12 Aug 2024 | Sukrut Rao*, 1, 2, Sweta Mahajan*, 1, 2, Moritz Böhle1, and Bernt Schiele1
The paper "Discover-then-Name: Task-Agnostic Concept Bottlenecks via Automated Concept Discovery" introduces a novel approach called Discover-then-Name CBM (DN-CBM) to address the "black-box" issue of deep neural networks. DN-CBM leverages sparse autoencoders to discover and automatically name concepts learned by CLIP, a vision-language model, and then uses these concepts as a concept bottleneck for classification. The key contributions of the paper are:
1. **Discovering Concepts**: The authors use sparse autoencoders to extract disentangled concepts from CLIP features. These concepts are then named by matching the dictionary vectors with the closest text embeddings in CLIP space from a large concept set.
2. **Automated Concept Naming**: The named concepts are used to train linear classifiers for classification tasks. The method is task-agnostic, meaning it does not require task-specific concept sets or external language models.
3. **Performance and Interpretability**: The proposed method yields semantically meaningful concepts, appropriate names, and performant and interpretable CBMs across multiple datasets and CLIP architectures.
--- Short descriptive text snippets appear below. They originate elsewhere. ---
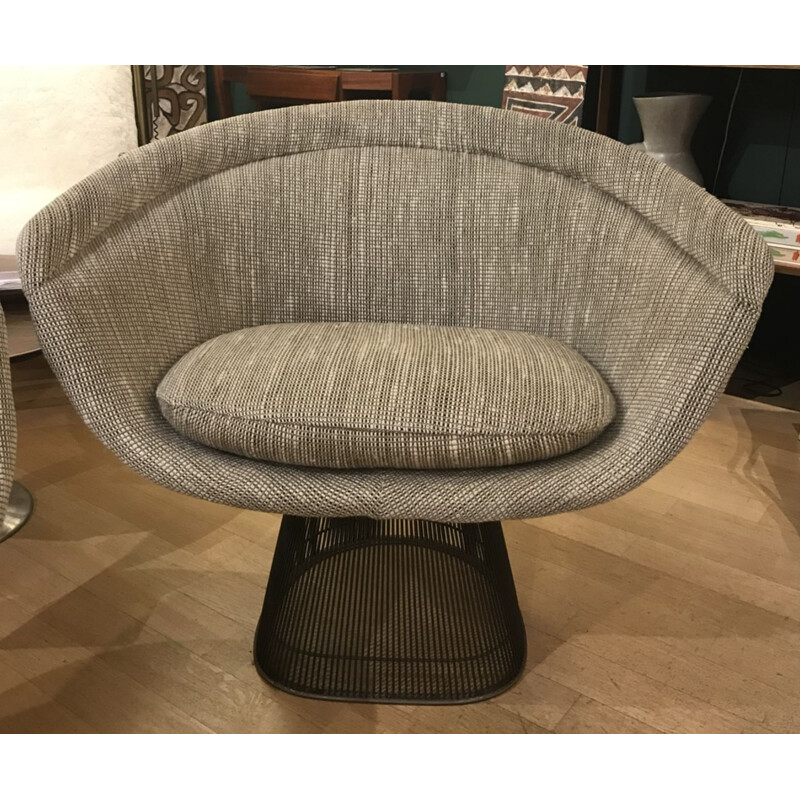 Pair of vintage armchairs by Warren Platner in gray cotton 1960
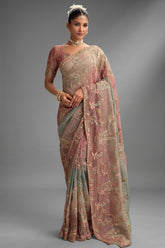 Triple Toned Silk All Over Embroidered Saree - red silk saree embroidered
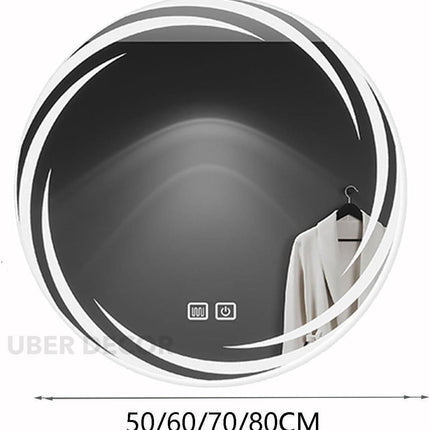 Artistic Swirl Round Shaped Mirror with LED Lights- Touch Sensor Mirror for Bathroom and Bedroom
The paper evaluates the effectiveness of the discovered and named concepts through qualitative and quantitative assessments, including user studies and comparisons with state-of-the-art methods. The results show that DN-CBM outperforms baselines in classification accuracy and provides interpretable explanations for model decisions. The method is also shown to be robust to different datasets and feature extractors, demonstrating its generalizability and efficiency.The paper "Discover-then-Name: Task-Agnostic Concept Bottlenecks via Automated Concept Discovery" introduces a novel approach called Discover-then-Name CBM (DN-CBM) to address the "black-box" issue of deep neural networks. DN-CBM leverages sparse autoencoders to discover and automatically name concepts learned by CLIP, a vision-language model, and then uses these concepts as a concept bottleneck for classification. The key contributions of the paper are:
1. **Discovering Concepts**: The authors use sparse autoencoders to extract disentangled concepts from CLIP features. These concepts are then named by matching the dictionary vectors with the closest text embeddings in CLIP space from a large concept set.
2. **Automated Concept Naming**: The named concepts are used to train linear classifiers for classification tasks. The method is task-agnostic, meaning it does not require task-specific concept sets or external language models.
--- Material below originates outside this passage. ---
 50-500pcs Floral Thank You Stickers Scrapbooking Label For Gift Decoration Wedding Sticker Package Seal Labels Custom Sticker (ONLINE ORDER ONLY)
3. **Performance and Interpretability**: The proposed method yields semantically meaningful concepts, appropriate names, and performant and interpretable CBMs across multiple datasets and CLIP architectures.
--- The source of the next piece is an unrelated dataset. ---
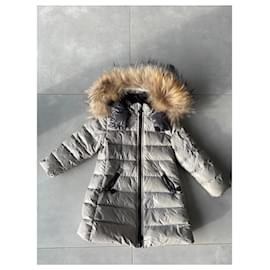 Moncler-Casacos Agasalhos Menina-Cinza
The paper evaluates the effectiveness of the discovered and named concepts through qualitative and quantitative assessments, including user studies and comparisons with state-of-the-art methods. The results show that DN-CBM outperforms baselines in classification accuracy and provides interpretable explanations for model decisions. The method is also shown to be robust to different datasets and feature extractors, demonstrating its generalizability and efficiency.